Monday, January 26, 2009

Change may put the wi in Wikipedia

Wikipedia is one of the great online innovations of recent years. The online encyclopedia lets you - yes, you - edit entries.

But this concept has been slowly chiseled away at by domineering volunteer admins who instantly revert any edit they disagree with. I'll let you guess what political affiliation many of these admins are. Here's a hint: They ain't exactly leftists.

I'm certain this is a deliberate effort by right-wing operatives to turn Wikipedia into another revisionist retelling of The World According To Conservatives.

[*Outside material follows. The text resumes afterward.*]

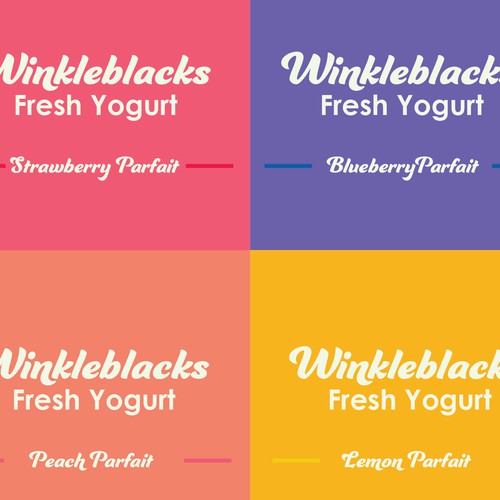 Whimsical typographic logo for yogurt branding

Not a shadow of a doubt about it.

Now, after Wikipedia was hit by yet another campaign of right-wing misinformation, what's Wikipedia's response?

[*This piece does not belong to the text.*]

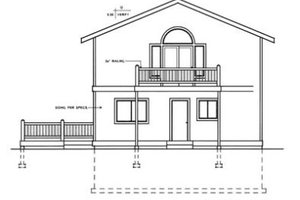 Exterior - Rear Elevation for Modern House Plan #96-217 - 2 bed, 2 bath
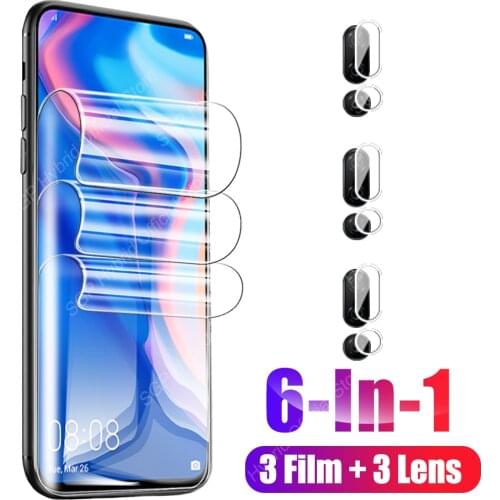 6 In 1 Screen Protecrtive Hydrogel Film For Huawei Y9 Prime 2019 Y5 Y5p Y6 Y6p Y6s Y7a Y7p Y7 Pro Y8p Y9a Y9s Camera Protector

Welp, now Wikipedia is proposing giving these rogue admins even more power!

Under this proposal, only "trusted users" would see their edits appear immediately. Everyone else would have their edits vetted by the volunteer admins - many of whom helped create the crisis that this proposal is supposed to solve.

Doesn't this defeat the whole purpose of Wikipedia? Wikipedia exists for the public to edit - not for right-wing elites to censor information. If I wanted a filtered right-wing resource, I'd just turn on almost any TV talk show these days.

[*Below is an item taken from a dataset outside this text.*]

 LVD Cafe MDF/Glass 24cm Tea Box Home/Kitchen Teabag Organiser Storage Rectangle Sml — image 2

Wikipedia head honchos say a poll shows that 60% of the website's users favor such a change. But where was the poll? The poll sure as shit wasn't anywhere I could see it.

What Wikipedia ought to do is curtail the power of these volunteer admins - not expand it. Wikipedia was much more accurate and detailed several years ago before the right-wing intelligentsia learned it could infiltrate it. The last thing Wikipedia needs is to let the infiltrators win.